İfral TURGUT

Tarih: 11.06.2022 21:26

HİKİKOMORİ

Facebook Twitter Linked-in

Çağımızın hastalığı… Japonca da “elini, ayağını çekmek” anlamına geliyor. 21. Yüzyılın hastalığı olarak tanımlanıyor. Japonya’dan yayılmış ama Türkiye’de de önemli boyutlara ulaşmış.
Hastalığı teknolojinin yarattığı kabul edilse bile, tetikleyen başka nedenler de var. Teknoloji ile aşırı derece ilgilenen kişi kendini sosyal dünyaya kapatıyor. Kişinin bilgisayarla ilişkisi öyle boyutlara geliyor ki artık tüm temel ihtiyaçlarını odasında karşılıyor. Ailesi ile bir arada yemek yemiyor; tuvalet ihtiyacını bile odasında giderenler olabiliyor.

Hastalık, büyük oranda 15 yaş civarındaki erkek çocuklarında görülüyor. Kişi kendi kendine izole bir dünyada yaşıyor. Asosyal olmaktan rahatsız olmuyor.

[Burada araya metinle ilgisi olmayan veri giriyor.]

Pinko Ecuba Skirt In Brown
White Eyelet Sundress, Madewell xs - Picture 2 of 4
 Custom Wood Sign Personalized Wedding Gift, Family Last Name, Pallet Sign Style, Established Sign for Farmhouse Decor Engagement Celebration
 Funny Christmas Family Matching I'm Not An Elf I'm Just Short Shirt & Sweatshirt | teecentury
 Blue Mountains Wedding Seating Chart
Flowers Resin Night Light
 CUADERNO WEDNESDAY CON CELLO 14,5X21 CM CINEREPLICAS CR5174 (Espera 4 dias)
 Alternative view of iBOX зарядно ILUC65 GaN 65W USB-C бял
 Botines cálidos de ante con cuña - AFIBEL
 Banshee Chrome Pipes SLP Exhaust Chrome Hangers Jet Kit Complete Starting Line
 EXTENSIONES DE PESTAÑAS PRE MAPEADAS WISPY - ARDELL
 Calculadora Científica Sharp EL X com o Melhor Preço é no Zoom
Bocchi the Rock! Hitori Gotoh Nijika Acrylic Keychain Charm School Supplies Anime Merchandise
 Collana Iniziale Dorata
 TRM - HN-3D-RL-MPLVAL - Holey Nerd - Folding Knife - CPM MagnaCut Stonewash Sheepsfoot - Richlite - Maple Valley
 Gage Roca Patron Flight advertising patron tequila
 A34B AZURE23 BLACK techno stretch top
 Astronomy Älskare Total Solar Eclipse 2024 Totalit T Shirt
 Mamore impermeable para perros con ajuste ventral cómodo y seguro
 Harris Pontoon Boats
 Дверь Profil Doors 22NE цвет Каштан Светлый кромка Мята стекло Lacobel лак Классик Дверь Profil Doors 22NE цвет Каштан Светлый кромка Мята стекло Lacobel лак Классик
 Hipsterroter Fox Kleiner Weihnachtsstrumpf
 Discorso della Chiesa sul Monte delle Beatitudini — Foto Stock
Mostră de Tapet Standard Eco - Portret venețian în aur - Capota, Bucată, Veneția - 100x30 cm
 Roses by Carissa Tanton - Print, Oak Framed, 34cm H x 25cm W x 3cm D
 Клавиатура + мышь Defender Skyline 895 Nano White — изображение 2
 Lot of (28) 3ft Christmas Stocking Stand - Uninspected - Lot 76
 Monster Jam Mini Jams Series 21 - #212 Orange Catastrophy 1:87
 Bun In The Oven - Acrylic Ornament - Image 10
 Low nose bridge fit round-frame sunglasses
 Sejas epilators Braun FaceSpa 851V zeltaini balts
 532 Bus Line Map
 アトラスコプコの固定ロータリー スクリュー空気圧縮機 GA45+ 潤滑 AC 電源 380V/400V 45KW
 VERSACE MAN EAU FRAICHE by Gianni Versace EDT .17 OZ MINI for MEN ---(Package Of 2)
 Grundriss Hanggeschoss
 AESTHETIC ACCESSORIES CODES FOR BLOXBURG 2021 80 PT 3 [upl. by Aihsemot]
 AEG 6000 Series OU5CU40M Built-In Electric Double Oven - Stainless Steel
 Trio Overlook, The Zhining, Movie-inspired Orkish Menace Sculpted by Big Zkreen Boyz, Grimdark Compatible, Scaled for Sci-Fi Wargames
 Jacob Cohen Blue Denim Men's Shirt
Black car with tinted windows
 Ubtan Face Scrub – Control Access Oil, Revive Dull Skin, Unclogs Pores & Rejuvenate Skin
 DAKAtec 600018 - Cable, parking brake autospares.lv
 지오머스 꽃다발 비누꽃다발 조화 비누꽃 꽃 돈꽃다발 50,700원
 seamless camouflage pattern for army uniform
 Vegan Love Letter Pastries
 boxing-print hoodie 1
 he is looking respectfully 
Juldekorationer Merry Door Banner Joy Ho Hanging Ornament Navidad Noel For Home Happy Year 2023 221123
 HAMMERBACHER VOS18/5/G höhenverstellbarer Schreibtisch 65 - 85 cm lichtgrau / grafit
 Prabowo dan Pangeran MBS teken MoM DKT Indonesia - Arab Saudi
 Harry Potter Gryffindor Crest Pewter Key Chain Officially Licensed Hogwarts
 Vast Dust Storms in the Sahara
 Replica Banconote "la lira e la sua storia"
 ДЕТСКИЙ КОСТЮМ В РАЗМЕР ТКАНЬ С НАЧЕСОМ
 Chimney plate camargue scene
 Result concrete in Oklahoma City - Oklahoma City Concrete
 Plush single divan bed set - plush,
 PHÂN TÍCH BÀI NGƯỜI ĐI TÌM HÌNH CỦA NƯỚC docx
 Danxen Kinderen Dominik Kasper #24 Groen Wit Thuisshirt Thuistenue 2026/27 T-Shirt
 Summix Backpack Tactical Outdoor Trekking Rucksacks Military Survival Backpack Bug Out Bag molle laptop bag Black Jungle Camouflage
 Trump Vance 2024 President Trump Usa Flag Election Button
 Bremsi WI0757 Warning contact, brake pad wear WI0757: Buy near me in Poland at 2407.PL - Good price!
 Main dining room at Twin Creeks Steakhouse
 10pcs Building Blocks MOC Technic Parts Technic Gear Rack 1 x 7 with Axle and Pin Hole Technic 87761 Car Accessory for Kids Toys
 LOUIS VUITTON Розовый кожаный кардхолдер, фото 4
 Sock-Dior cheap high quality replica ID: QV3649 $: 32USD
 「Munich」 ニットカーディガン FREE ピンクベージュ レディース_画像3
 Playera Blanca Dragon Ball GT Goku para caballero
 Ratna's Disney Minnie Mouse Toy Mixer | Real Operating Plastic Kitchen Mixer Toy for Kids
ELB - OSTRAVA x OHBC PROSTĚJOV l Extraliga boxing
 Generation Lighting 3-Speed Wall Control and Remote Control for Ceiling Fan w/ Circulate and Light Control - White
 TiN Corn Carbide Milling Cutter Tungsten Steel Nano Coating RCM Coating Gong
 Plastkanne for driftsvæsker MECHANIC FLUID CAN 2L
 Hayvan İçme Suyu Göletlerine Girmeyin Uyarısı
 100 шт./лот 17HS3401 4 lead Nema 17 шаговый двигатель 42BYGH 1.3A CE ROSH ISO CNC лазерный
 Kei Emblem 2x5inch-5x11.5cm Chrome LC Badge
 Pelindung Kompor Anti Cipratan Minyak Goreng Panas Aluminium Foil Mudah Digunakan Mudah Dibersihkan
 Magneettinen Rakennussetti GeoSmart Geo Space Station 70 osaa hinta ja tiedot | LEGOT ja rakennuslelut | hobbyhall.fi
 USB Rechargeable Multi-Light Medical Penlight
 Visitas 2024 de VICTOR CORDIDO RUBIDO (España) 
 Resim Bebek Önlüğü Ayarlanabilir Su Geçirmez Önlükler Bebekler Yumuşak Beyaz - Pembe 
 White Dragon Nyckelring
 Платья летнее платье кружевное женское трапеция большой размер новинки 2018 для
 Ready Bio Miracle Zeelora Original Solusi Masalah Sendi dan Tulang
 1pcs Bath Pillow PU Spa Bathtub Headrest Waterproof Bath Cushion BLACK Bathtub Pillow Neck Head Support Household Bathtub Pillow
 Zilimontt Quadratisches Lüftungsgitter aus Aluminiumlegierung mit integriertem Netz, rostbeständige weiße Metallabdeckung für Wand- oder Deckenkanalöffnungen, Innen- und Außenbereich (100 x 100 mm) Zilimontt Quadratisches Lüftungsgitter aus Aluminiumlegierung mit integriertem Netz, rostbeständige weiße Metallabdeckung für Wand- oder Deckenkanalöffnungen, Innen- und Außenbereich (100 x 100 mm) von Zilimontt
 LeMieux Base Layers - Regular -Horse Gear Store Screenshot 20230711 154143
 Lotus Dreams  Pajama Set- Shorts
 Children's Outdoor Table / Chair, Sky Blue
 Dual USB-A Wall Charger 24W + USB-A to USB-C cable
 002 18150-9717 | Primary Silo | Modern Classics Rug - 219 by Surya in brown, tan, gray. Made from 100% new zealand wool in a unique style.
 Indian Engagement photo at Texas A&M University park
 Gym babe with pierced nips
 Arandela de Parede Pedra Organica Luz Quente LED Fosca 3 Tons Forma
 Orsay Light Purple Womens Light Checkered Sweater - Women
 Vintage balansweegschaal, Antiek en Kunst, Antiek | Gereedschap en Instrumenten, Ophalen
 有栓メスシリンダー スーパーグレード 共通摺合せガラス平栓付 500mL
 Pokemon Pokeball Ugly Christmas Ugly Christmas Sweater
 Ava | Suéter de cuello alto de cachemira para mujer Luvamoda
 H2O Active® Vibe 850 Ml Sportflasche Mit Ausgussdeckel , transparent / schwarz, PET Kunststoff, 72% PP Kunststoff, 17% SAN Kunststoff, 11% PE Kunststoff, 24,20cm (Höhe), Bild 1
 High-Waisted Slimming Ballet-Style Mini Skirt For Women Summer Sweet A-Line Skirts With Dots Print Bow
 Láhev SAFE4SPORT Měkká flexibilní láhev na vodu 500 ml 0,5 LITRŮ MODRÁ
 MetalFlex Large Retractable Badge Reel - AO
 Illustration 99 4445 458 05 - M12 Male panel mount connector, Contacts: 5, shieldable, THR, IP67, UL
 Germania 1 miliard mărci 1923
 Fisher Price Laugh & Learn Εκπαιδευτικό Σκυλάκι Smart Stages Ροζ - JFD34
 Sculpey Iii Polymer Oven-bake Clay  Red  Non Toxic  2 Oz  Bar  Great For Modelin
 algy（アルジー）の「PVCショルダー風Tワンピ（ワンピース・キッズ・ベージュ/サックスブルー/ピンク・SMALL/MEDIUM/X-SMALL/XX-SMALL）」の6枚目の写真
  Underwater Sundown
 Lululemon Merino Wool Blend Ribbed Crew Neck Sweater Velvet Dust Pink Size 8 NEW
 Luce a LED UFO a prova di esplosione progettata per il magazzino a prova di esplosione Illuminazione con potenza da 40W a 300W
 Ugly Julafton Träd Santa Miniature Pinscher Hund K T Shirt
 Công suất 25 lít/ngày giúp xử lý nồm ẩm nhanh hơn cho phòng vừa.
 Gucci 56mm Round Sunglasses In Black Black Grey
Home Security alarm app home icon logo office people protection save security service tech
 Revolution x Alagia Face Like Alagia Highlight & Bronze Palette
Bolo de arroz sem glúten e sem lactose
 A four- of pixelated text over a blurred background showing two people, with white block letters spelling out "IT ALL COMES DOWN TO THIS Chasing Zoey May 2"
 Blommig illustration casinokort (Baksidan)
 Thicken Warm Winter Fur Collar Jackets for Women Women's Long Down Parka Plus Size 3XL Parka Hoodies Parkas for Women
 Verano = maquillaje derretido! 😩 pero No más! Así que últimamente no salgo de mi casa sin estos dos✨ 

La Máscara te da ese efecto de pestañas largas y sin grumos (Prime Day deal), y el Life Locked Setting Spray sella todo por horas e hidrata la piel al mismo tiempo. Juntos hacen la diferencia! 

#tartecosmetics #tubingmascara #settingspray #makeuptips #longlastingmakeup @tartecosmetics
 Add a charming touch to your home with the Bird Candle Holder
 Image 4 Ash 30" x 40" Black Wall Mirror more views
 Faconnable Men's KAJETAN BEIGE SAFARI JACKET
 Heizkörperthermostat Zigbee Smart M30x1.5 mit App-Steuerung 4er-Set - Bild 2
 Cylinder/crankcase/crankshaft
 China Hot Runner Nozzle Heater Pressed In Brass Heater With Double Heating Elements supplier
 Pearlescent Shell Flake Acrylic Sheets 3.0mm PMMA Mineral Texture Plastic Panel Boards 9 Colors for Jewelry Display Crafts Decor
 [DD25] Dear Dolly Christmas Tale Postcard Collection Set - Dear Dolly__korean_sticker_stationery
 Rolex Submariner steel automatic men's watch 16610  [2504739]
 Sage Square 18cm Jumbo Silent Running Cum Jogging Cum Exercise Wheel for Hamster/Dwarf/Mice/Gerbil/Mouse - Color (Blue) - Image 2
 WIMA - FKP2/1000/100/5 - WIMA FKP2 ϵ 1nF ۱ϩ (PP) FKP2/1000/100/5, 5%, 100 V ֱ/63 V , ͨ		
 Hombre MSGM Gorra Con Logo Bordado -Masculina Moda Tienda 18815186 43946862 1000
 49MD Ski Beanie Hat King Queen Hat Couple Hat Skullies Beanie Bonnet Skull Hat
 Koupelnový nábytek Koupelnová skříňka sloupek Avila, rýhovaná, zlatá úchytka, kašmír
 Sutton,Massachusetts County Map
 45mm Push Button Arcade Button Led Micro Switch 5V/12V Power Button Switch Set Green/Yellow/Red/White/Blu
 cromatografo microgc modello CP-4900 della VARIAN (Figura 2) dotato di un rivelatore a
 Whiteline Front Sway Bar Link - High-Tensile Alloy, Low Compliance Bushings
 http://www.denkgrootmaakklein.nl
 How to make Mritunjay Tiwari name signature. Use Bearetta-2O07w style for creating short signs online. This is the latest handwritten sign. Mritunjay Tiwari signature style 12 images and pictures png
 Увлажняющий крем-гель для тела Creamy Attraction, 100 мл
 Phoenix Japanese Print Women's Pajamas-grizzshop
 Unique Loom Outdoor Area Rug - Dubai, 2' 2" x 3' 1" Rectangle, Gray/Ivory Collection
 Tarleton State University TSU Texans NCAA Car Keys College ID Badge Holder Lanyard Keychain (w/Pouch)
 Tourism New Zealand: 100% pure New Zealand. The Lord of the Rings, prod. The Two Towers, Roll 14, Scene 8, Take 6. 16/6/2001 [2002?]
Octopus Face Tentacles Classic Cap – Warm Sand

Erken teşhis edilmezse kişi bir hayal aleminde yaşayarak toplum dışı kalıyor.

Öneriler şöyle:
• 13-14 yaşlarındaki çocukların teknolojik araçları kullanılması kontrol altına alınmalıdır.
• Bilgisayarlar, ortak kullanım alanında, örneğin, salonda kullanılmalıdır
• Çocuklar, odalarında ders çalışırken, tamamen kontrolsüz bırakılmamalı, mümkünse oda kapısı kapatılmamalıdır
• Altta yatan nedenlerden birinin iyi gitmeyen gönül ilişkileri de olabileceği düşünülerek, çocuk ve gençler aile desteğinden yoksun bırakılıp, kendi içlerine kapanmalarına neden olabilecek durumlar yaratılmaktan kaçınılmalıdır.
• Gence kendini iyi ifade edebilecek ev ortamı yaratılmalıdır
• Çocuklar sosyal ilişkilere yönlendirilmeli, açık hava oyunları ve arkadaşlık ilişkilerine ortam hazırlanmalıdır.
• Bilgisayar ve internet, oyun ağırlıklı değil; gerçek ihtiyaca yönelik olarak kullanılmalıdır.
• Aileler, olabildiğince sabah kahvaltıları ve akşam yemeklerinde bir arada olmalı, aile bireyleri günü, konuşarak değerlendirebilmelidir.
• Çocuk ve gençler, daha çok dinlenmeli, etkin dinleme yapılmalı ve fikirlerine saygı duyulduğu hissettirilmelidir.
• Çocukların eğitiminde, otokontrol sahibi olabilmeleri amaçlanmalıdır.
• Teknolojik araçların en verimli şekilde nasıl kullanılabileceği, zamanın ne kadar önemli olduğu üzerinde durularak, bilgiler tartışılmalıdır.
• Aile ile çocuk-genç arasındaki bağlar kuvvetlendirilmeli, ortak paylaşımlar çoğaltılmalıdır.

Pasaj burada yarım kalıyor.